Consider these facts: We owe $870,000 on an interest-only first trust deed. Our best estimated market value is currently $600,000. It is highly unlikely that home prices in our area will rise sufficiently in the next decade to enable us to get out of the property at break-even. Consider also that our property needs a minimum of $200,000 in repairs which would be required if the property were placed on the market. With an interest-only mortgage payment equal to 200% of the estimated rent on an equivalent property, we are effectively renting our house for double what the rent should be. We would be willing to continue to own the home if PNC would lower our mortgage debt equivalent to the market value and reduce our interest to the prevailing rate. However, as many of you will be quick to point out, PNC would be loathe to do this, even knowing that they would recover less than our requested modified price should the property go to foreclosure. Considering lost interest, repair costs, etc., our estimate is that PNC might eventually recover only $350,000 to $400,000 of the amount of the original loan amount.

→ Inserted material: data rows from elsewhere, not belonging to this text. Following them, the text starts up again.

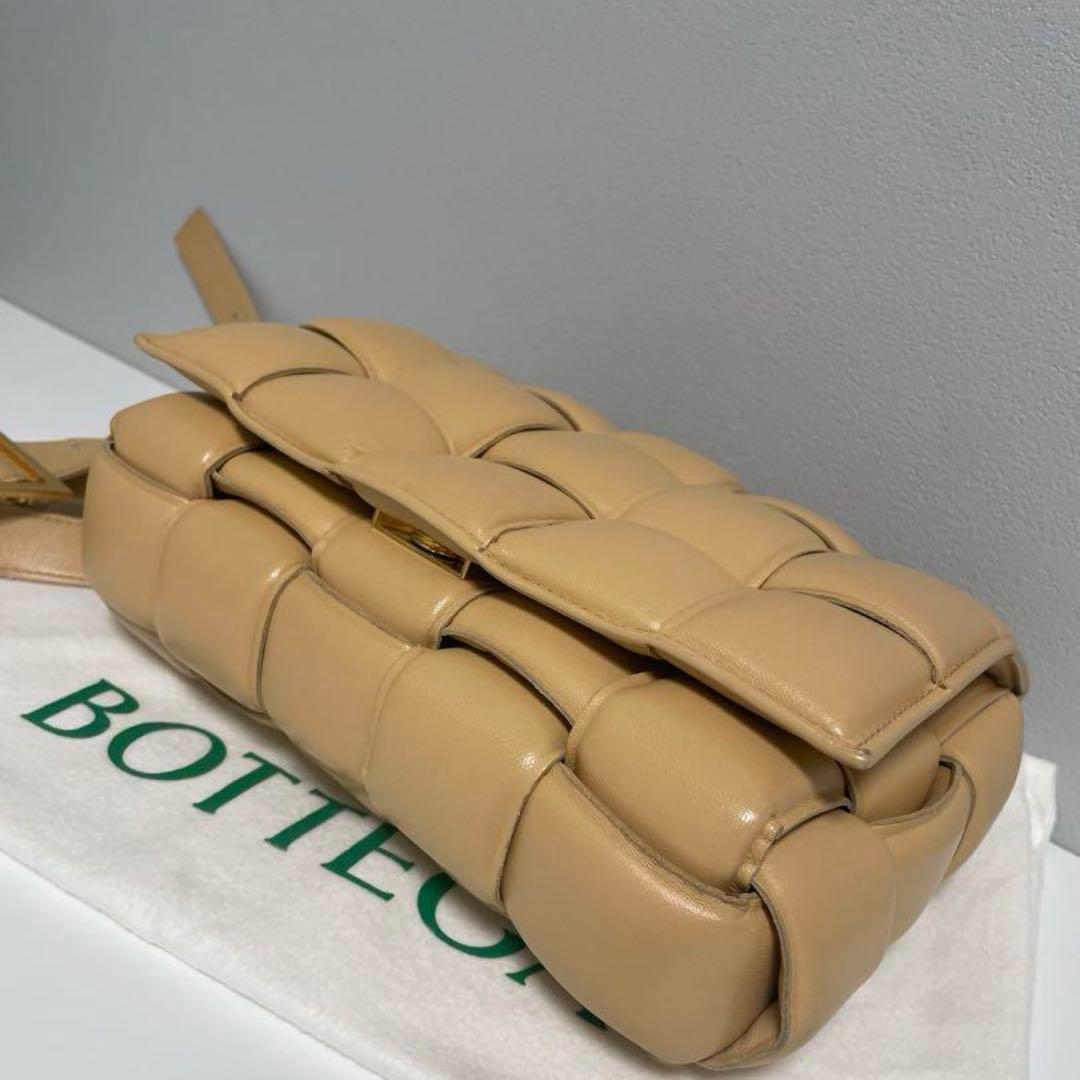 ooボッテガヴェネタ BOTTEGA VENETA パデットカセット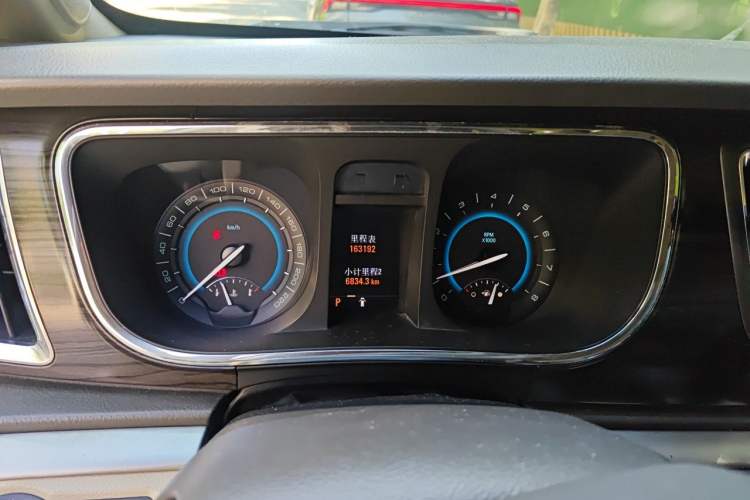 Used Buick GL8 2011 3.0L XT Luxury Business Flagship Edition Instrument Cluster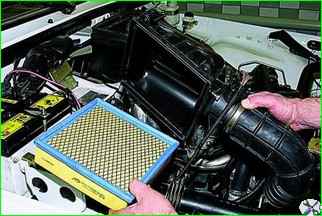 Replacing the air filter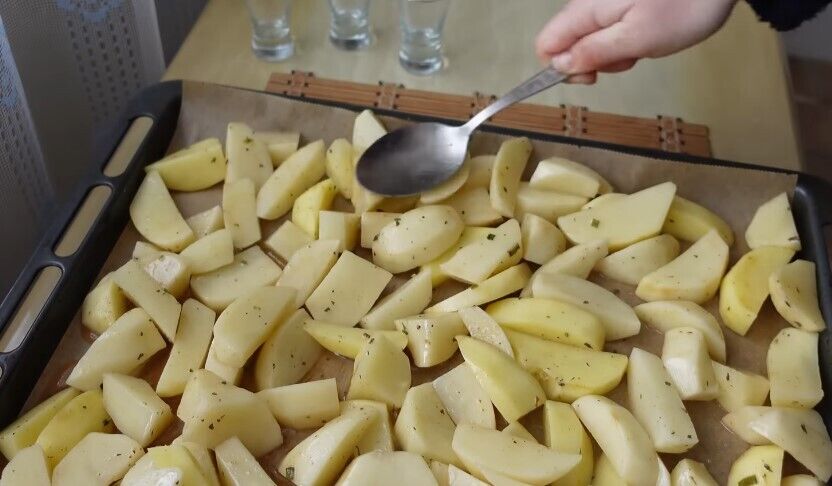 З золотавою скоринкою: простий рецепт запеченої картоплі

So why would we bid on our own property at auction? A better question might be: Why would PNC not see the fiscal relevancy of reducing our loan balance to $600,000 to avoid far greater losses should the property go into default? Further, why would PNC bid on a property that would only add to their excess inventory and lose an additional $200,000 to $250,000 in the process. However, to answer my initial question: 1) we have a wealthy relative willing to buy the property and rent back to us at the prevailing rent price, and 2) it is highly likely that, in the current economic climate, PNC would let the property go at less than the current market value. Also, as it is within our right to promulgate the true nature of the property's condition, I suspect that any other bidders would be willing to bid higher than market value, minus the cost to make the marketable.
The lesson here is that some property owners have been in the their homes for many years, don't wish to move, are less concerned about ownership when their landlord is a relative, and can't stomach the idea that they are paying double each month than what they could. Further, there is a lesson here for the banks who need to be more realistic in today's economic climate; if they are to remain solvent without tax-payer bailouts and if they are to be responsible to their stockholders, they need to negotiate better with home owners. It is a pipe dream to believe that banks will ever recover the massive losses from all the foreclosed properties they have purchased at inflated values. Eventually these properties will be sold at fire sale prices that will only act to keep home values depressed for decades to come.